Update Saturday 5:20 PM ET: The clouds parted enough for the Falcon 9 rocket to launch Saturday night from Kennedy Space Center, and after delivering its payload into low Earth orbit, the booster made a landing in Florida. Today marks the 11th successful stage one recovery performed by SpaceX.
Meanwhile, the used Dragon spacecraft did a good job and it will now spend the better part of three days catching up with the International Space Station before being grabbed by a robotic arm and unloaded by astronauts. It will remain in orbit for about a month before returning to Earth. Everything indicates that the spacecraft is in good condition.
Original message: Thursday thunderstorms sank an attempt by SpaceX to make a historic re-flight of its freighter Dragon. SpaceX will try again on Saturday. Due to the orbital dynamics required to reach the International Space Station, today’s attempt has an immediate launch window, at 5:07 p.m. ET (10:07 p.m. BST).
That could pose a problem, as today’s weather conditions at the Kennedy Space Center are again questionable. Officially, there remains a 60 percent chance of favorable weather during launch. However, cumulus clouds began to develop near the launch site early Saturday afternoon, predicting the formation of afternoon showers and thunderstorms, as is common in Florida during the summer.
This particular dragon first flew to the International Space Station in September 2014 when it delivered nearly 2.5 tons of cargo. That was SpaceX’s fourth resupply mission to the orbiting lab. It’s Saturday the 11th of the company and it will be carrying three tons of supplies to the station. The spacecraft has undergone a major overhaul and has a new heat shield. Still, flying the vehicle again is a major milestone for SpaceX, which has made reusability a hallmark of its efforts to reduce the cost of spaceflight.

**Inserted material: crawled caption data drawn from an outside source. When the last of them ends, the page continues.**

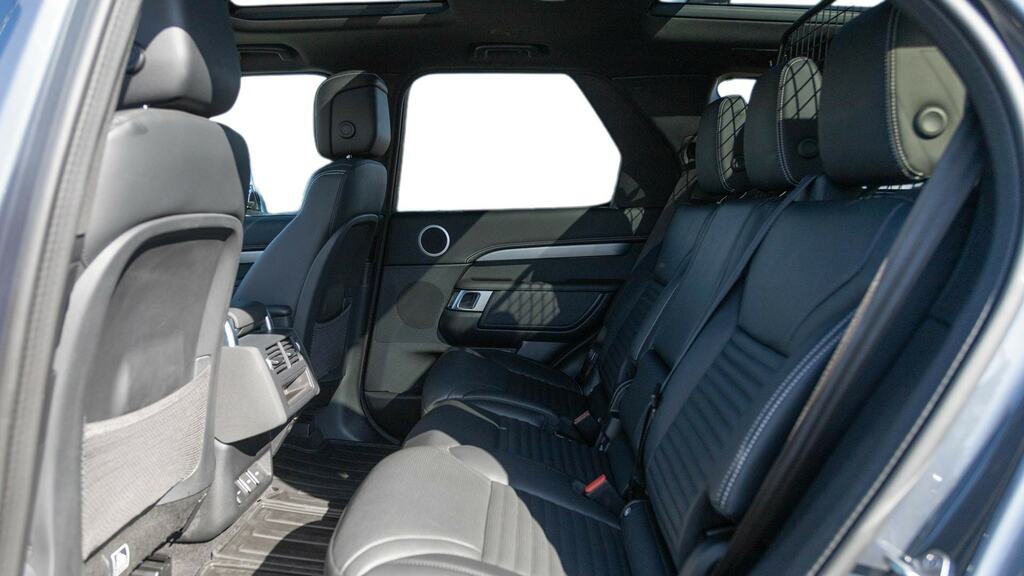 Land Rover Discovery 3.0 P360 Dynamic Se Blue #4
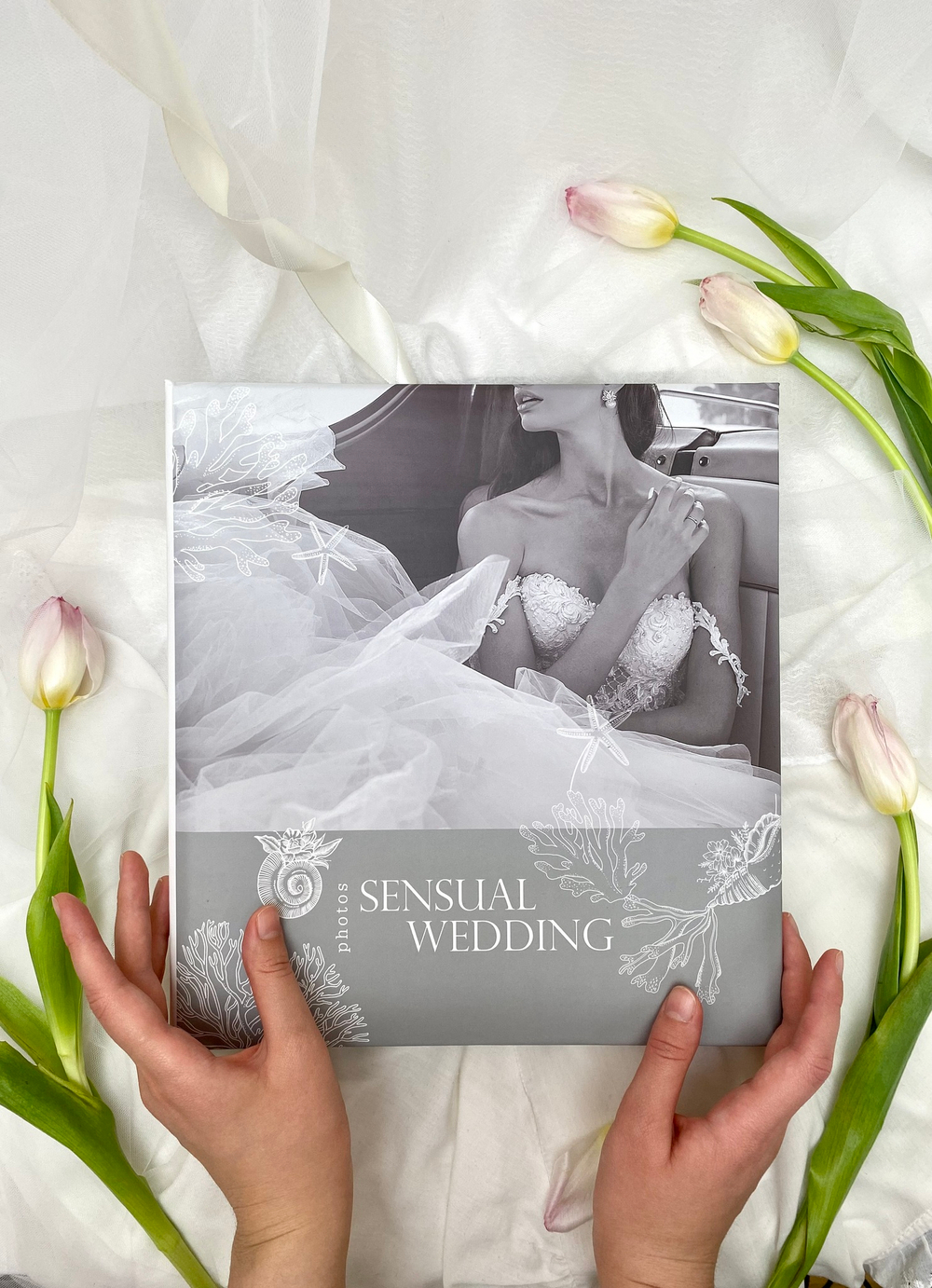 Фотоальбом свадебный на 50 магнитных листов 23х28 см, кольца sensual wedding 1 ЧБ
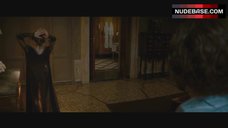 4. Angelina Jolie Intim Scene – The Tourist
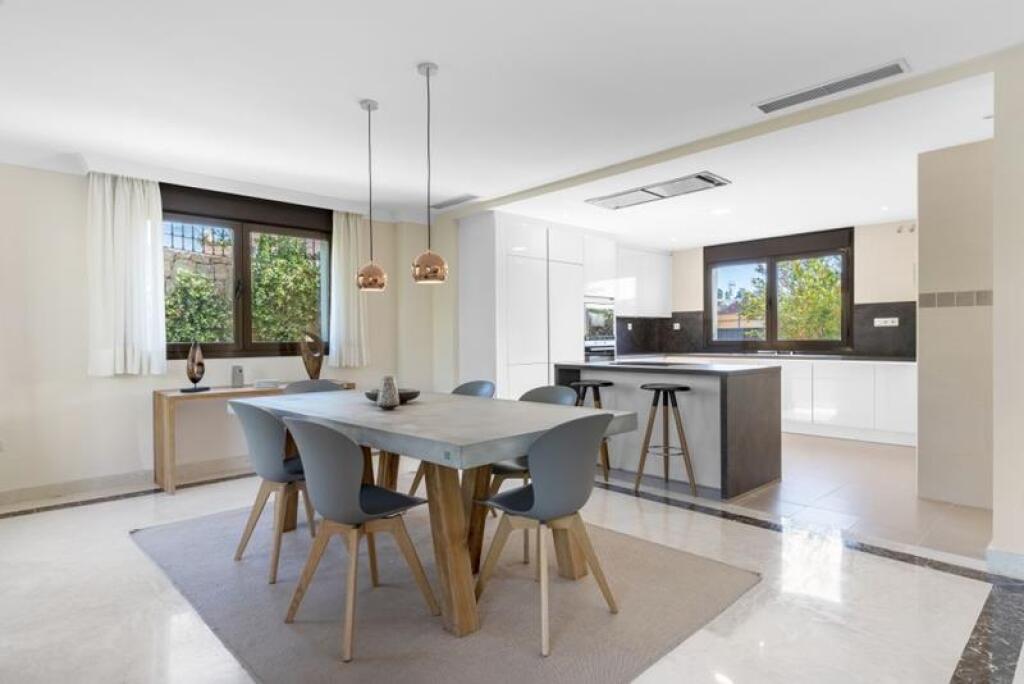 ADOSADOS INDEPENDIENTE SIN AMUEBLAR CON ALTAS CALIDADES - foto 2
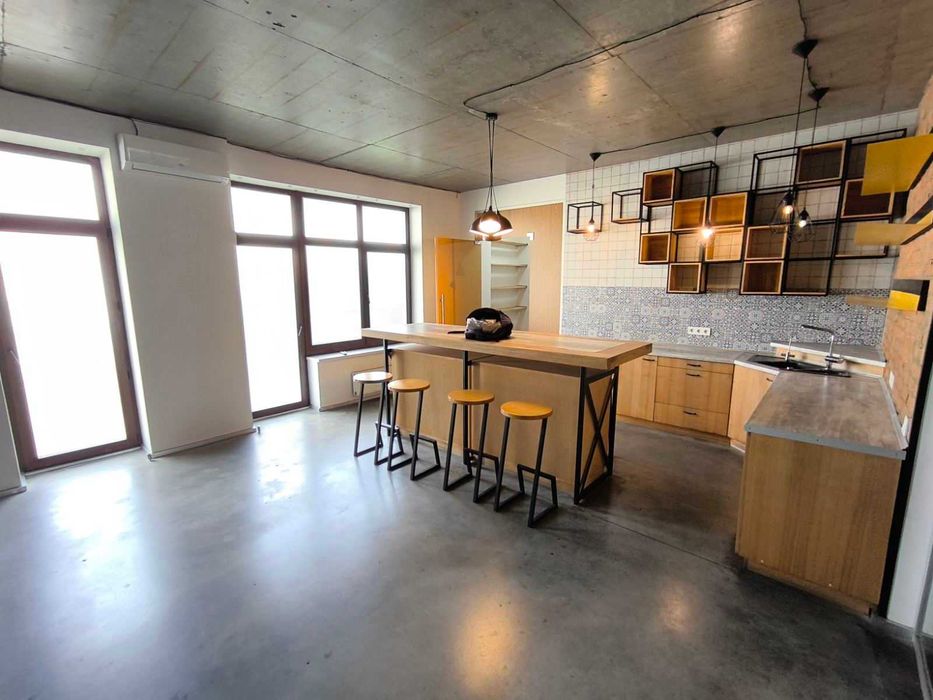 М.Арсенальна, Печерськ, Князів Острозьких, Kyiv Food Market, 330м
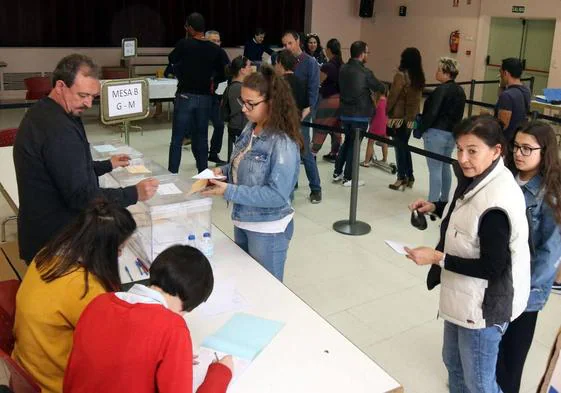 Ciudadanos votan en un colegio de un municipio segoviano en las elecciones municipales de 2019.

In six decades of spaceflight, only NASA’s five space shuttles, two U.S. Air Force X-37B spaceplanes, and a single Soviet VA spacecraft have made two or more orbital flights. No private company has ever achieved this feat.
The launch video below starts about 20 minutes before the expected launch time. Just under eight minutes after launch, Falcon 9’s first stage will attempt to land on SpaceX’s Landing Zone 1, near the launch pad.